"Le harcèlement à l'école se poursuit en ligne": faut-il interdire les smartphones aux moins de 13 ans?

Les affaires de harcèlement à l'école se multiplient en France et dans le monde. Avec très souvent le constat que les réseaux sociaux ont joué un rôle néfaste dans le développement des faits. C'est le cas dans l'affaire Lindsay, particulièrement médiatisée ces dernières semaines.
La jeune fille de 13 ans s'est donnée la mort le 12 mai dernier après avoir été victime de harcèlement scolaire. Sa famille a déposé une plainte visant Facebook et Instagram "complètement défaillants" en matière de modération et de lutte contre "les propos haineux" selon l'avocat de la famille, dénonçant la poursuite du harcèlement contre Lindsay et la famille... même après la mort de la collégienne.
Si des mesures de renforcement contre la haine en ligne à l'école ont été promises par le ministre de l'Education nationale, Pap Ndiaye, à la suite de cette affaire, faudrait-il aller plus loin? Une ville en Irlande a tenté de remédier à ce problème en interdisant purement et simplement les smartphones pour les moins de 13 ans.
"Il faut rassurer les parents, il y a de plus en plus de maturité chez les jeunes"
A Greystones, au sud de Dublin, la communauté éducative et les parents d'élèves ont réussi à s'accorder sur le fait de ne pas autoriser les enfants à avoir de smartphones avant le collège. "Le plus longtemps on pourra préserver leur innocence, le mieux ce sera", explique une mère interrogée par le quotidien britannique The Guardian.
Car en plus des problèmes liés aux réseaux sociaux, le temps d'écran massif des jeunes peut en effet être néfaste également pour leur développement physique et mental. Tech & Co relaie par exemple une étude des services publics américains qui assurent que les jeunes qui passent plus de deux heures devant un écran chaque jour obtiennent des scores inférieurs aux tests de réflexion et de compétences linguistiques.

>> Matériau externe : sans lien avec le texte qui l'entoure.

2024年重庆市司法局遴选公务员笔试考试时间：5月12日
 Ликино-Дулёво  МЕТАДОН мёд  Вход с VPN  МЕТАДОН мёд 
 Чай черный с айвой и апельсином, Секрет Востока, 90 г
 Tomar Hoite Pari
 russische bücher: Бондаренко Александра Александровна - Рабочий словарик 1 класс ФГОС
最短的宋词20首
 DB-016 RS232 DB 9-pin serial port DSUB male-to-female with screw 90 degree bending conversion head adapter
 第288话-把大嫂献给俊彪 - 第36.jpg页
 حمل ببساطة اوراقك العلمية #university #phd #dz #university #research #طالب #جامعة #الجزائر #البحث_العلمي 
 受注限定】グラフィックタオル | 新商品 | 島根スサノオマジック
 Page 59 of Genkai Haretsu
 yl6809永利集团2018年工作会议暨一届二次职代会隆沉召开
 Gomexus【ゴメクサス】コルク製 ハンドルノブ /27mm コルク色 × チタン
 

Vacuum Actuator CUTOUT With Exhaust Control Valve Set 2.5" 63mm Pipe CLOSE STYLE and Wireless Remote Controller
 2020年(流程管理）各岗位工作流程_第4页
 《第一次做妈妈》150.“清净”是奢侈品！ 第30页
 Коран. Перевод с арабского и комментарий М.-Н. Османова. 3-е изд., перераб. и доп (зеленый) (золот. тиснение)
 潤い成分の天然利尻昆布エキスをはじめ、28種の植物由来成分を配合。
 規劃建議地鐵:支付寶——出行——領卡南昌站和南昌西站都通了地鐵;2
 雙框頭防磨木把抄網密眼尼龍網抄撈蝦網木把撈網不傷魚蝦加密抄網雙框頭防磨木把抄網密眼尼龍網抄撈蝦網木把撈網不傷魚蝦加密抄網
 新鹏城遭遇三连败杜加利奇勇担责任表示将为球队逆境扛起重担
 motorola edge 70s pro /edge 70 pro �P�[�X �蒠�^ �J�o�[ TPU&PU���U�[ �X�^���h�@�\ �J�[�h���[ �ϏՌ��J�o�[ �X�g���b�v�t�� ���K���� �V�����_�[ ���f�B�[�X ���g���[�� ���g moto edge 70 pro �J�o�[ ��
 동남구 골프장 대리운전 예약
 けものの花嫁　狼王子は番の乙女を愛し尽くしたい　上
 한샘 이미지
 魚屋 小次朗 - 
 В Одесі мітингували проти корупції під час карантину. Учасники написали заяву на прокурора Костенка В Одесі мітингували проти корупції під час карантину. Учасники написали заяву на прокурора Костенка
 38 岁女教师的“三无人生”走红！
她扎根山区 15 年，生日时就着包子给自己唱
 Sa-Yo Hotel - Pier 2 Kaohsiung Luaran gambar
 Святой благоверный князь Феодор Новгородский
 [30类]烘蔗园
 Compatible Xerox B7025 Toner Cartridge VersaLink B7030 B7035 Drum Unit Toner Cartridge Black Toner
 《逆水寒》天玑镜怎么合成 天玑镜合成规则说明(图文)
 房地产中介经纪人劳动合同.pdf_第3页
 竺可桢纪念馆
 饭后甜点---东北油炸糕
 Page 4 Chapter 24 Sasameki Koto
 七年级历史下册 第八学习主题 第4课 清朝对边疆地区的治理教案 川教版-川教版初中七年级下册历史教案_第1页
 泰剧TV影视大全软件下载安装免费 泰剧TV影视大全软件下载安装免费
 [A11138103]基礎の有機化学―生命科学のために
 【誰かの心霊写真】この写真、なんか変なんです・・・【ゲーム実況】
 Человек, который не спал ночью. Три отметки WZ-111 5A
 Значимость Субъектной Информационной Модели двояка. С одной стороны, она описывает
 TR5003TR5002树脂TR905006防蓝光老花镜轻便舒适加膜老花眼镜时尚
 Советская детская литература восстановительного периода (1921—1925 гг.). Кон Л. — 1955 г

"Il n'y a aucun argument qui supposerait que l'on devrait laisser les moins de treize ans avec un smartphone", salue l'économiste Pierre Rondeau dans "Estelle Midi", totalement favorable à ce genre d'initiatives.
"C'est un objet utile si on met des barrières et une discipline"
D'autres comme Julien, auditeur RMC et père d'un jeune de 12 ans, estime qu'il n'y a pas lieu d'interdire, mais que c'est tout simplement une question d'éducation parentale à limiter le temps d'écran des enfants.
"Mon fils n'y a pas accès en libre-service. Le téléphone est interdit au collège. Il le consulte le matin avant l'école, et en fin de journée jusqu'à 19 heures maximum et basta ! C'est un objet utile si on met des barrières et une discipline", explique-t-il.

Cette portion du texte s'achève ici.